Introduction¶

This notebook presents Vanilla RNN applied to synthetic time-series data prediction problem (sine-wave)

Imports¶

import numpy as np
import matplotlib.pyplot as plt
import torch
import torch.nn as nn
import torch.optim as optim

Dataset¶

tsteps = np.linspace(0, 2*np.pi, 101)
sine = np.sin(tsteps)
cosine = np.cos(tsteps)
x_train_raw = sine[:-1]
y_train_raw = sine[1:]
x_valid_raw = cosine[:-1]
y_valid_raw = cosine[1:]

fig, ax = plt.subplots(figsize=[16,4])
ax.plot(x_train_raw, linestyle=' ', marker='.', label='input')
ax.plot(y_train_raw, linestyle=' ', marker='.', label='target')
ax.grid()
plt.show()

Model¶

Define the model

class VanilaRNN(nn.Module):
    def __init__(self, n_hid, nb_layers=2):
        super(VanilaRNN, self).__init__()
        self.rnn = nn.RNN(input_size=1, hidden_size=n_hid,
                          num_layers=nb_layers, batch_first=True, bias=False)
        self.fc = nn.Linear(in_features=n_hid, out_features=1)
        # self.hidden_state = None  # keep hidden state between executions
    
    def forward(self, x, hid):              # shape [n_batch, n_seq, n_in]
        x, hid = self.rnn(x, hid)           # shape [n_batch, n_seq, n_hid]
        x = self.fc(x)                      # dot product over last dim.
        return x, hid                       # shape [n_batch, n_seq, n_out]
    
    def reset_hidden_state(self):
        self.hidden_state = None

Model hyperparameters

nb_layers = 2
n_batch = 1
n_seq = 10
n_in = 1
n_hid = 10
n_out = 1

Reshape data

x_train = torch.tensor(x_train_raw.reshape(n_batch, -1, n_in), dtype=torch.float32)
y_train = torch.tensor(y_train_raw.reshape(n_batch, -1, n_in), dtype=torch.float32)
x_valid = torch.tensor(x_valid_raw.reshape(n_batch, -1, n_in), dtype=torch.float32)
y_valid = torch.tensor(y_valid_raw.reshape(n_batch, -1, n_in), dtype=torch.float32)
x_train.shape

torch.Size([1, 100, 1])

Create model

model = VanilaRNN(n_hid=n_hid, nb_layers=1)
criterion = nn.MSELoss()
optimizer = optim.Adam(model.parameters())
print(model)

VanilaRNN(
  (rnn): RNN(1, 10, bias=False, batch_first=True)
  (fc): Linear(in_features=10, out_features=1, bias=True)
)

Sanity test model

xx = torch.randn([n_batch, n_seq, n_in])
with torch.no_grad():
    out, _ = model(xx, hid=None)
assert out.shape == (n_batch, n_seq, n_out)
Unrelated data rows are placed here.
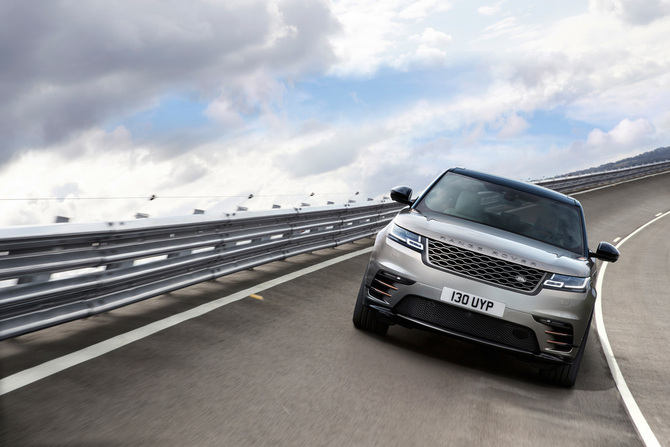 Land Rover Range Rover Velar Ingenium D240 Land Rover Range Rover Velar Ingenium D240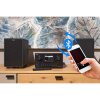 DABMAN i310 CD Hybridní Micro HiFi systém DAB+, FM, Internet, Bluetooth, černá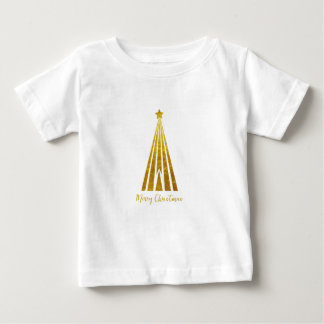 T-shirt Pour Bébé Joyeux Noël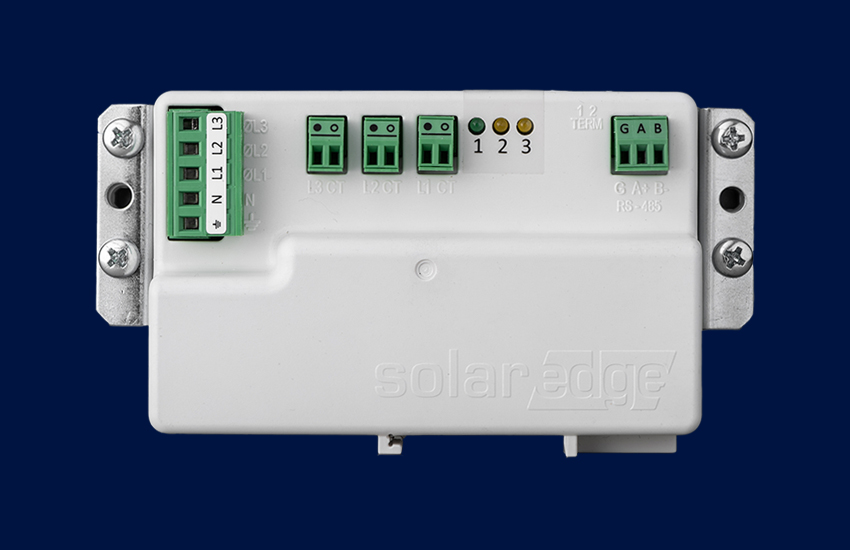 Verifica corretta installazione contatore SolarEdge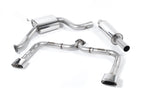 Milltek Sport - Seat Leon Cupra 280 & 290 (Non OPF/GPF Models) Exhaust System (Multiple Options)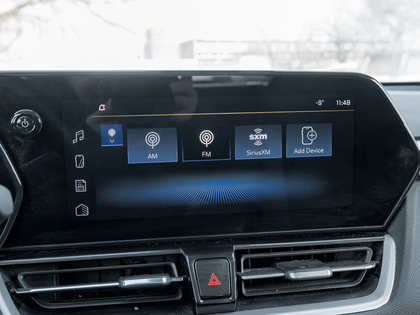 used 2024 Chevrolet TrailBlazer car, priced at $25,995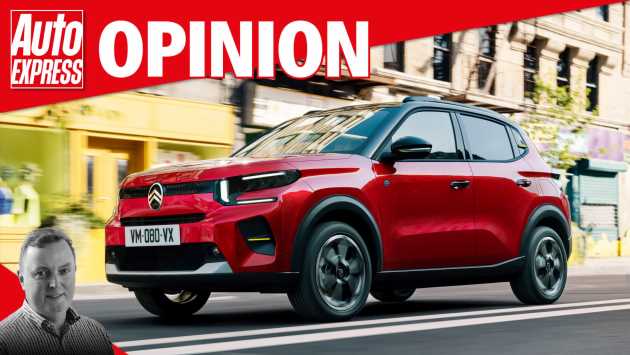 “The new Citroen C3 is focused on value, but also has bags of charm”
Model performance before training

with torch.no_grad():
    output, _ = model(x_train, hid=None)
output_np = output.detach().numpy().flatten()
plt.plot(x_train.numpy().flatten())
plt.plot(output_np);

Train Model¶

Train for 100 epochs

for e in range(100):
    hidden = None  # hidden state will be initialized automatically
    for i in range(0, x_train.shape[1], n_seq):
        
        # Slice out train data
        x = x_train[:,i:i+n_seq]
        y = y_train[:,i:i+n_seq]

        optimizer.zero_grad()

        output, hidden = model(x, hidden)
        hidden = hidden.detach()  # don't accumulate grad

        loss = criterion(output, y)
        loss.backward()
        optimizer.step()

Test model

with torch.no_grad():
    output, _ = model(x_train, hid=None)
output_np = output.detach().numpy().flatten()
plt.plot(x_train.numpy().flatten())
plt.plot(output_np);

Test on cosine

with torch.no_grad():
    output, _ = model(x_valid, hid=None)
output_np = output.detach().numpy().flatten()
plt.plot(x_valid.numpy().flatten())
plt.plot(output_np);